In the letter, which was provided to the SPLC by Bosley, Doran said administrators were unhappy with her request to purchase Macintosh computers for the newsroom because “the prevailing standard at newspapers nationwide is a PC based system.”
Doran also mentioned editing mistakes in the letter.
“These concerns include the use of different font sizes for bylines and stories, as well as the length of stories and the general layout and design of the paper,” according to the letter.
Bosley attempted to answer Doran’s letter at Monday’s board meeting.
In the meeting, she pointed to awards the Viking News has won from the New Jersey Press Association and the Society for Collegiate Journalists, according to an article in the Asbury Park Press, a local paper. She also quoted research showing that 75 percent of U.S. colleges use Macintoshes.
But Bosley said she does not take credit for the errors or the awards. Although she advises the students, they have the final say on content, she said.
Kelly said Bosley falsely asserted that her insistence on using Macintosh computers was the reason her contract was not renewed. But she did acknowledge administrators had asked Bosley to use other computers.
“We have asked her to incorporate PC learning in the journalism lab so they are prepared to work in any computer environment,” Kelly said. “Having an exclusively Macintosh journalism lab is not a good service to our students.”

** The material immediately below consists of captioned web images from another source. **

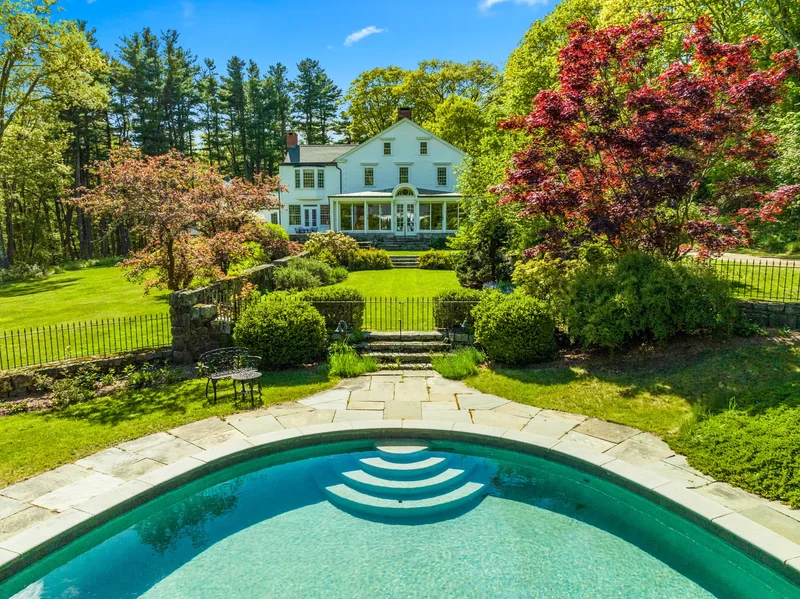 210 Doolittle Drive, Norfolk, CT 06058, 06058, Connecticut, United States. - Photo 35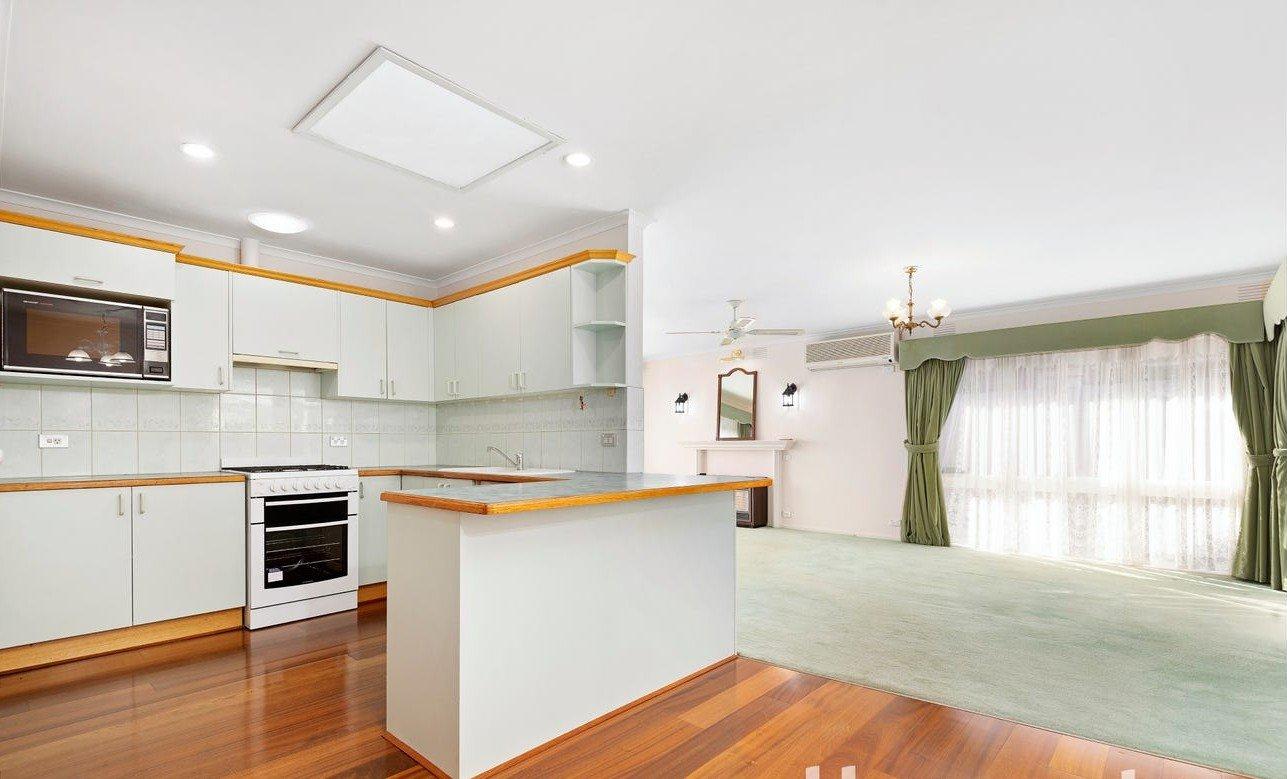 1/16 Glyndon Road, Camberwell, Vic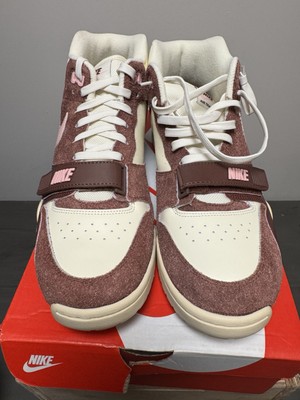 Size 13 - Nike Air Trainer 1 Valentine's Day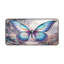 Polyester Desk Pad-225057577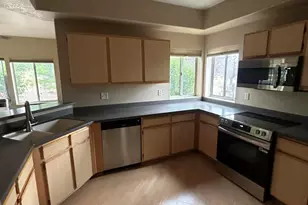4343 E Soliere Ave, Flagstaff, AZ 86004 - Photo 29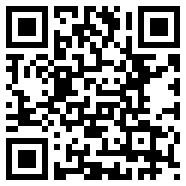 大象新闻客户端app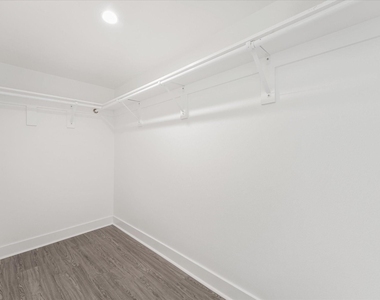 3792 Wenatche Drive - Photo Thumbnail 19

Kelly would not elaborate on the competence issues administrators had with Bosley’s advising for privacy reasons and “for her protection,” she said.
“We encourage free press. The actions have no retaliatory motivation,” Kelly said. “We would never make an employment decision based on a student action…. We hope with a new adviser [student editors] will continue to shine their flashlight on the administration.”
But student editors said it may not be that easy.
“Student rights to free speech are almost nonexistent here at OCC anymore,” said Coppola, the paper’s editor. “The Viking News has been the voice of the students for almost 40 years, and with the removal of Karen Bosley, that voice will be silent.”
Bosley said she is considering legal action against the college.
“I am deeply disappointed in the action. It fires me to fight,” she said. “I have spent my entire career as an adviser trying to make sure people don’t infringe on student rights.”